Il rapporto madre-figlio è simbiotico ed è la colonna portante di tutta la storia. Dove finisce l’una inizia l’altro. Per il bambino infatti l’unica persona conosciuta è Mà, mentre per la madre il figlio rappresenta quel pezzetto di cielo che vede attraverso il vetro del lucernario e quindi la sua salvezza.Nella prima parte del film la sensazione è di claustrofobia, anche se il regista decide di stemperare il dramma psicologico di Joy attraverso lo sguardo innocente e disincantato di Jack. Dentro la stanza c’è una forte connotazione spaziale e temporale. Lo spazio è identificato con pochi oggetti danno un senso compiuto alle azioni di Jack, mentre il tempo scorre secondo dei riti e delle regole precise, come fare il bagno prima di andare a letto.

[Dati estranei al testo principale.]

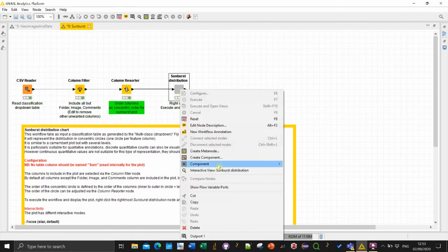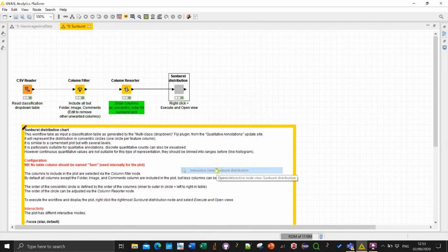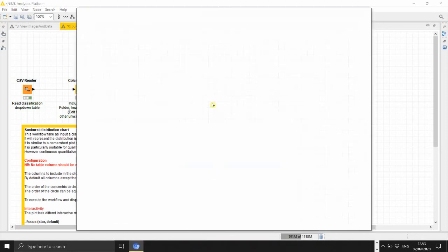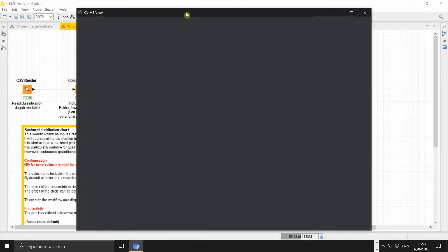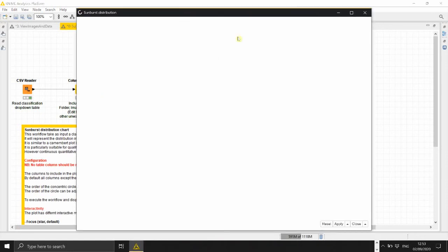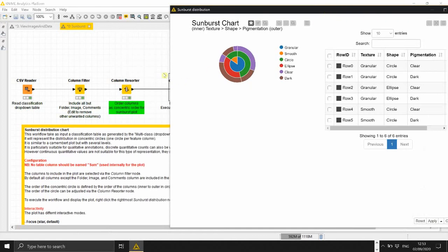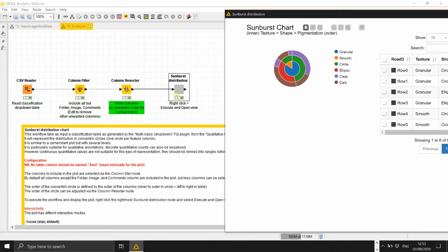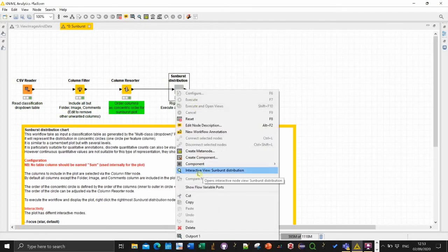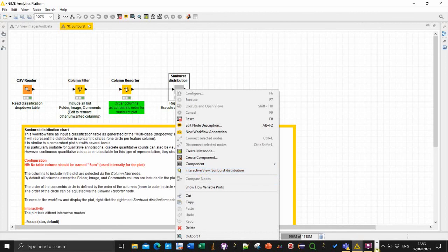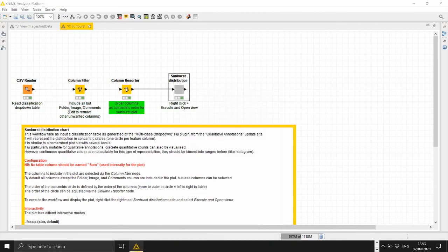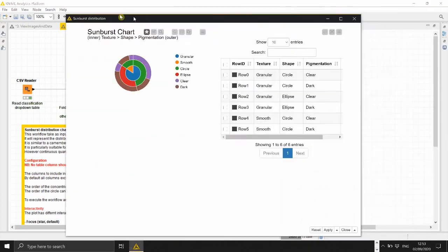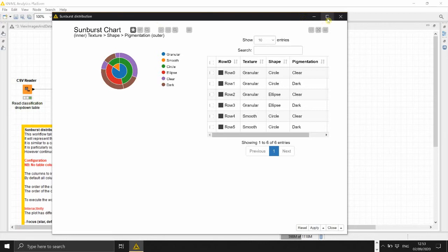So maybe let me show you quickly how the view looks like. So again just execute it and at the very end there is a right click either execute and open views or if you already run it interactive view which opens a new visualization window JavaScript.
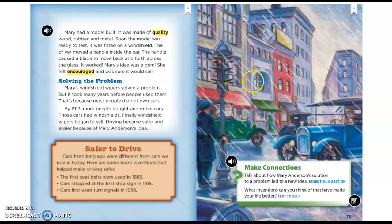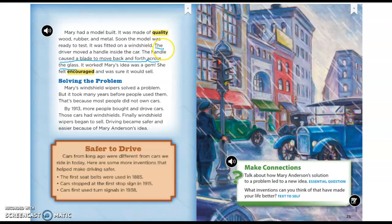Mary had a model built from quality wood, rubber, and metal. Soon the model was ready to test—it was fitted on a windshield. The driver moved a handle inside the car, and the handle caused a blade to move back and forth across the glass. It worked. Mary's idea was a gem, and she felt encouraged and was sure it would sell. What's causing the blade to move? The driver inside moves a handle to make it work.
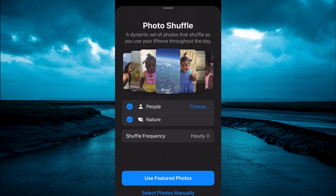After selecting Photo Shuffle, you can go into Featured Photos — you can use Featured Photos — or you can tap on Select Photos Manually at the bottom of the screen. For this example, I'll simply tap on Use Featured Photos.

A partire dall’uscita dalla stanza il film cambia decisamente rotta. Il mondo vero è fatto di fotogrammi veloci di nuvole, alberi, foglie e persone ed è talmente grande da fare male agli occhi. Sugli occhi pieni di meraviglia si stringe frequentemente la macchina da presa.
Tuttavia nella seconda metà del film la libertà riconquistata sembra non essere la soluzione al dramma. Dopo il primo choc per cui Jack crede di essere su un altro pianeta, segue la rinascita. Da un punto di vista dello sviluppo cognitivo siamo nella fase che Jean Piaget definisce del pensiero intuitivo. Per Jack è come venire al mondo per la seconda volta: si confronta con tutto ciò che non conosce, dai giochi agli esseri umani, e attraverso la socializzazione sviluppa la sua creatività adeguandosi alle diverse circostanze. Attraverso le continue esperienze Jack acquisisce anche dei metri di paragone che prima non poteva avere. In un dialogo con la nonna Jack racconta che la stanza in cui ha vissuto era infinita ed andava in tutte le direzioni, quando poi ci torna non la riconosce perché lo spazio gli sembra improvvisamente rimpicciolito.
Sul fronte opposto sta la reazione della madre. Joy non riesce ad accettare quello che le è successo e reagisce con violenza ai gesti di amore della madre e del figlio. Entra in depressione fino a tentare il suicidio, ma anche in questo caso il figlio è la sua salvezza. Anche Joy torna lentamente a vivere e riesce, in un atto estremo di coraggio, a ritornare per un’ultima volta in quella che per sette anni è stata la sua prigione.
La scelta del regista è stata quella di affidare la storia ad un narratore interno, che appunto è Jack. La vicenda, per quanto drammatica, è quindi filtrata attraverso lo sguardo meravigliato di un bambino e questo porta lo spettatore a vivere le esperienze comuni della vita come se le sperimentasse per la prima volta. Tutto il film è quindi una poesia, compresi i momenti di reclusione. Entrambi i personaggi sono stati resi da una recitazione molto emotiva ed intensa. L’interpretazione di Jacob Tremblay, attore di appena dieci anni che ha vestito i panni di Jack, è sorprendente per la capacità di guardare al mondo in maniera romantica. L’interpretazione di Brie Larson non ha lasciato equivoci al premio Oscar come miglior attrice protagonista per il modo intenso, a volte feroce, di avere interpretato un personaggio così complesso e di avere raccontato in punta di piedi una storia di violenza come se si trattasse di una fiaba.